As if teenage life couldn’t get more angsty, Sydney Novak must learn to control her anger not only to suppress her newfound powers, but protect herself from being discovered. Syd’s quips and ordinary teenage rebellion are quickly seen by the audience as a veil for her feelings of desertion. Her mother’s emotional separation from the suicide of Syd’s father combined with her best friend Dina’s (Sofia Bryant) apparently seamless transition into the world of relationships and sex only cements her attitude to being the ‘other’. In true Carrie style, these feelings find a physical outlet.

The filmic aesthetic of TEOTFW is transferred into IANOWT, giving this Netflix Original an expansive and cinematic feel as well as one of inherent teen nostalgia through repeated golden and warm visual tones. It is not a surprise that the producers of Stranger Things also produced this show, however Forsman’s original story of all things gross and strange during adolescence preserves the voice of the show as one that is merely related and not a copy and paste of the same nostalgic and supernatural themes. The jumble of 70s, 80s and 90s visuals reinforces an idea of a non-time specific drama, serving to make the themes of adolescence and school life universal and at the forefront of the story. It is through this aesthetic that Syd’s powers are presented as both surreal yet grounded in realism, Entwistle masterfully straddling both the genres of teen drama and subversive heroic motifs (needing a mentor, keeping their powers a secret and struggling to control them to name a few) that Forsman wrote so well. 

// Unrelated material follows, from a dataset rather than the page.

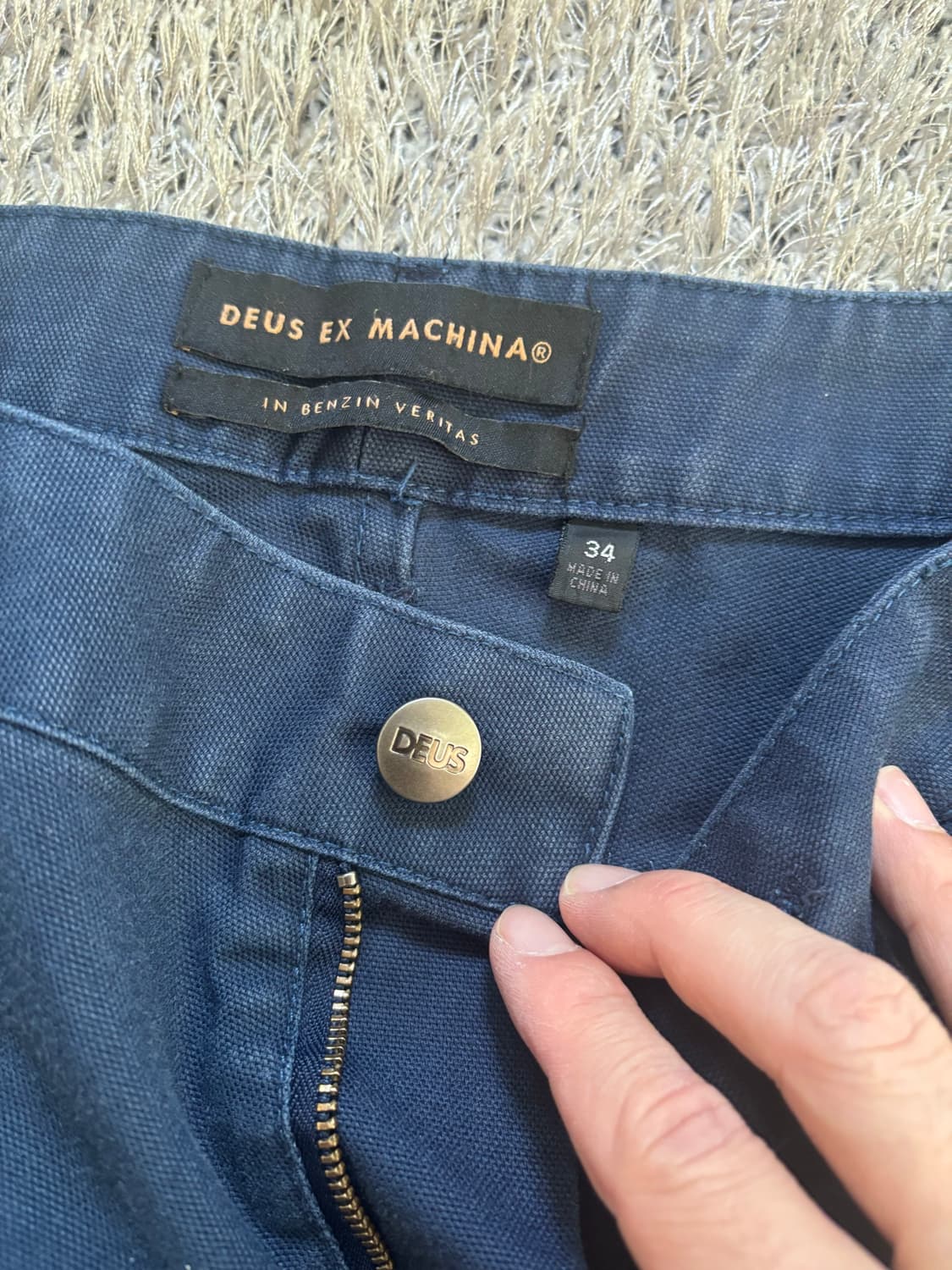 DEUS EX MACHINA 바지 BENZIN VERITAS 사이즈 34 상품이미지4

Wyatt Oleff is quickly becoming a fan favourite as Stanley Barber, the wannabe heroic mentor to Syd who is undeniably witty and endearing. Sophia Lillis as Syd also gives a genuine and heartfelt performance as a confused teen desperately needing guidance throughout the season, perhaps the most emotional performance being her outing for desiring more than a platonic relationship with Dina. Lillis and Oleff’s previous collaboration in It (2017) can surely contribute to the believable friendship the two share, one which will definitely be anticipated in the second season as the dark figure is included into the club of those who know Syd’s ability. His appearance to Syd is an exciting if frustrating cliffhanger, raising questions as to who this person could be and whether the second season will embark on a more traditional hero story route or stick to its straddling with teen drama.

It cannot be ignored that the show requires a lot of exposition to set up Syd’s confusion surrounding her father’s suicide as this will late pay off in the finale. However, the show manages to side-step the trap of it feeling too clunky through the use of her diary which through Dina’s cruel boyfriend Brad is proved to be much more than a plot device. There are a lot of homages to be expected too, the most notable being Carrie as Syd runs through her suburbs drenched in blood. However, I Am Not Okay With This manages to maintain a voice of its own, and while Syd’s development hinges on the progression of a second season, the first establishes the show as an enjoyable and emotional watch.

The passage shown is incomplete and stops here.